The Maxima's good, but Infiniti's the front-runner


The '09 Maxima veers closer to its upscale sibling but remains a conventional sedan.
By DAN NEIL
October 24, 2008
According to our friends at Kelley Blue Book Marketing Research, you can tell which presidential candidate a person supports by looking at what kind of car they drive. Republican Sen. John McCain has the support of 66% of full-size pickup truck drivers; not surprisingly, perhaps, hybrid drivers are more inclined toward Democratic Sen. Barack Obama. Alaska Gov. Sarah Palin scores very high with drivers of Zambonis.

Supporters of Sen. Joe Biden take the train, back and forth, from Washington to Delaware for 35 years.

As for brands, KBB reports Obama leading McCain among owners of nichy import vehicles, including Mini (70%), Subaru (61%) and Saab (59%).

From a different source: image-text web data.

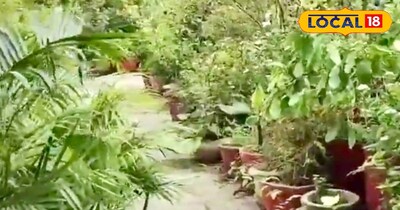 छत पर लगा बगीचा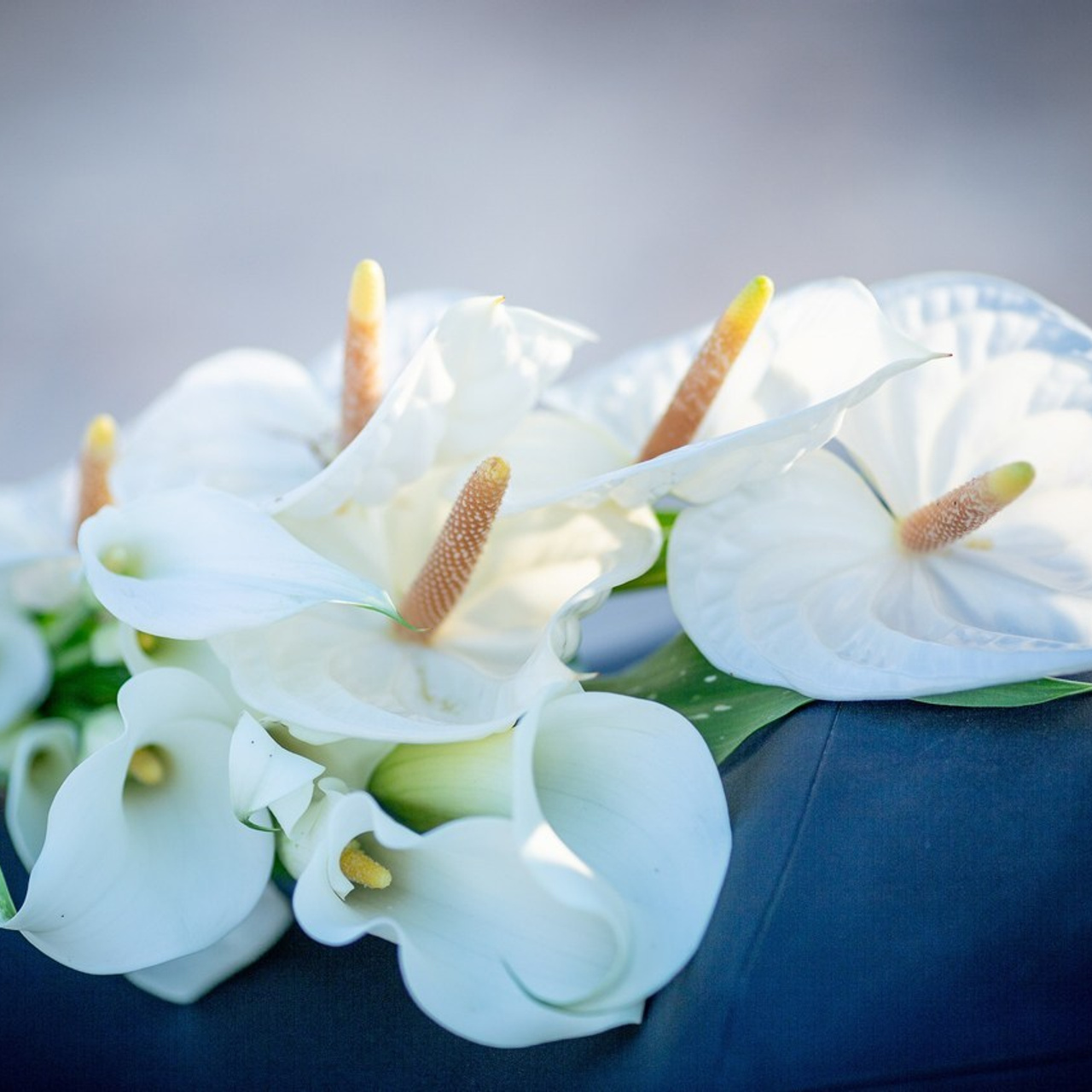 Avis. Photographe et photothérapeute à Nice et sur la Côte d’Azur — Katherine Grape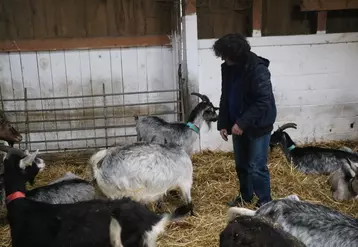 Les chèvres ne reçoivent presque plus de concentrés (sauf des bouchons de luzerne en hiver). Le système alimentaire repose sur le pâturage. © B. Morel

Does that mean 41% of Saab owners support McCain? Not necessarily. Remember there are several credible independent candidates, including Rep. Ron Paul, Ralph Nader, Bob Barr and Sha'alweed from the planet Niiik6.

Does the Nissan Maxima still have a constituency? In the early 1990s, this was the cool Nissan to have -- a tightly drafted, reasonably racy Japanese sedan noted for its affordable fun and can't-kill-it durability. Tuners and slammers loved it. Nissan called it their 4DSC, which stood for "four-door sports car" (though I always thought that was eight-door hyperbole).

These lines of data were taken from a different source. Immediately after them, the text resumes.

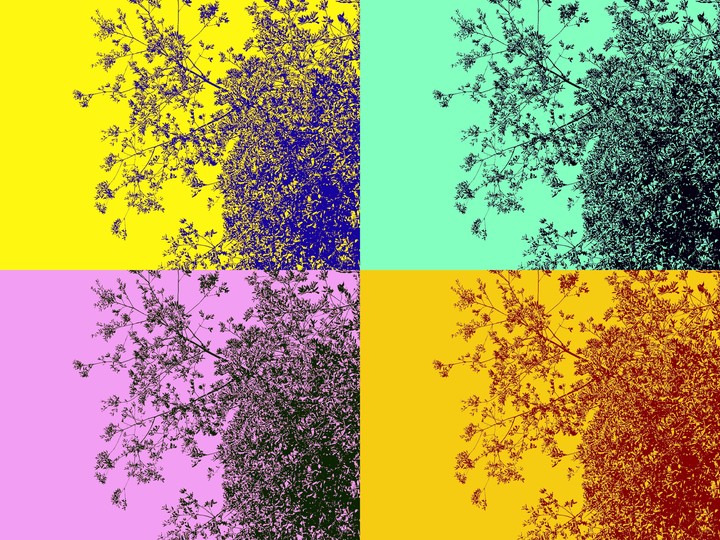 Part 1:What did you see?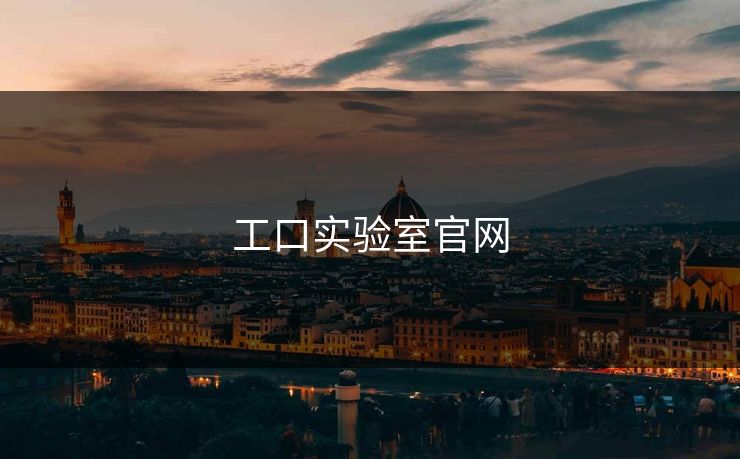 工口实验室官网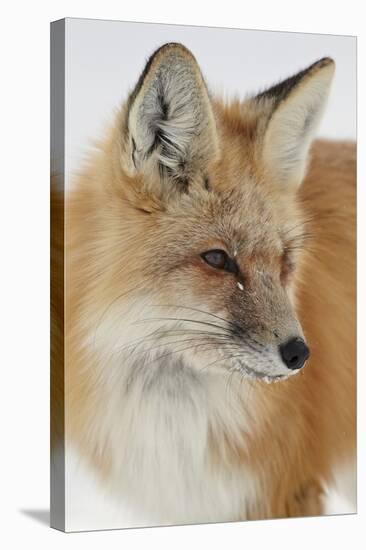 Red Fox (Vulpes Vulpes) in the Snow-James Hager-Stretched Canvas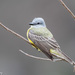Couch's Kingbird - Photo (c) Greg Lasley, some rights reserved (CC BY-NC), uploaded by Greg Lasley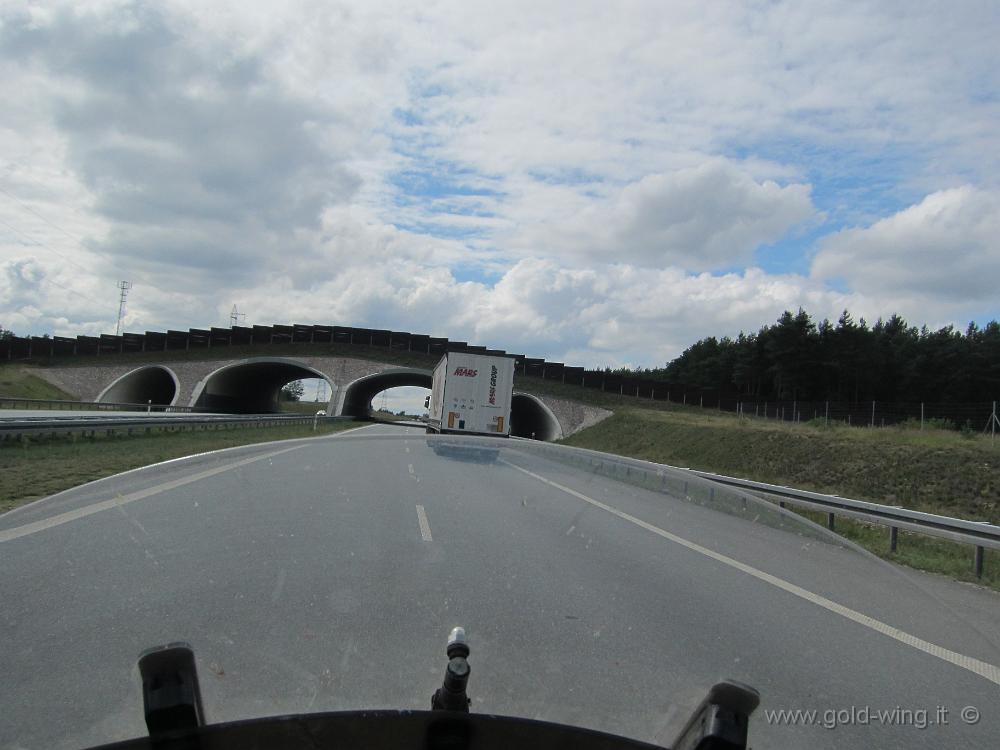 IMG_7288.JPG - Polonia - Ponte per gli animali sull'autostrada tra Varsavia e Lodz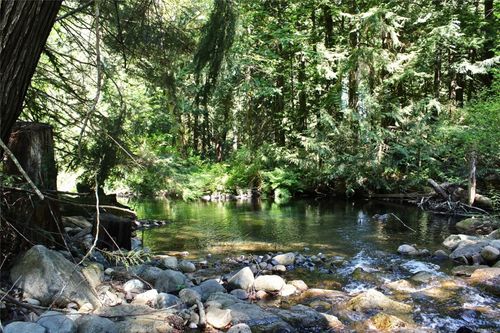 3715 Melrose Rd, Hilliers, BC, V9K1V3 | Card Image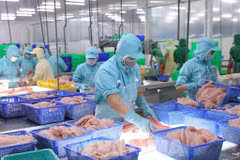 Transformation de poissons pour l'exportation. Photo: VNA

In recent years, if the Maxima were a political party, it could have held its rallies in a porta-potty. The once-sporty midsizer had been rendered all but irrelevant by the slightly smaller, swifter and cheaper Nissan Altima, built from the same greasy bits and using the same 3.5-liter V6.

Yet the bigger problem for Nissan's top-shelf sedan, it seems to me, was its loss of identity. The numb-handed corporate styling, the perfunctory interiors, the middling performance. If these are the planks of your platform, you ought to be campaigning in Albania.

For 2009, the Maxima has gotten a candidate makeover -- for much less than $150,000. The big changes include a 290-horsepower version of Nissan/Infiniti's VQ-series V6 (a 35-hp bump over the 2008 model), which gushes power through a continuously variable transmission and out the front wheels in a deluge of exuberant torque steer.

This is a car that is trying really hard to be liked, a little like Hillary. Eager, aggressive, hypercompetent, the new Maxima doesn't so much sit on the fence as caromthrough it. It's a four-wheel pantsuit.

The CVT transmission has been reeducated for sporty driving -- it will now hold high revs under hard acceleration -- and the 19-inch sport tires (part of the optional performance package) sink their fangs into the asphalt from takeoff. It's a buzzy cavort to 60 mph (under 7 seconds), and I estimate the quarter-mile time is probably in the mid-14-second range. There's a bit of a whine here. I'll leave it to you to say which candidate that's like.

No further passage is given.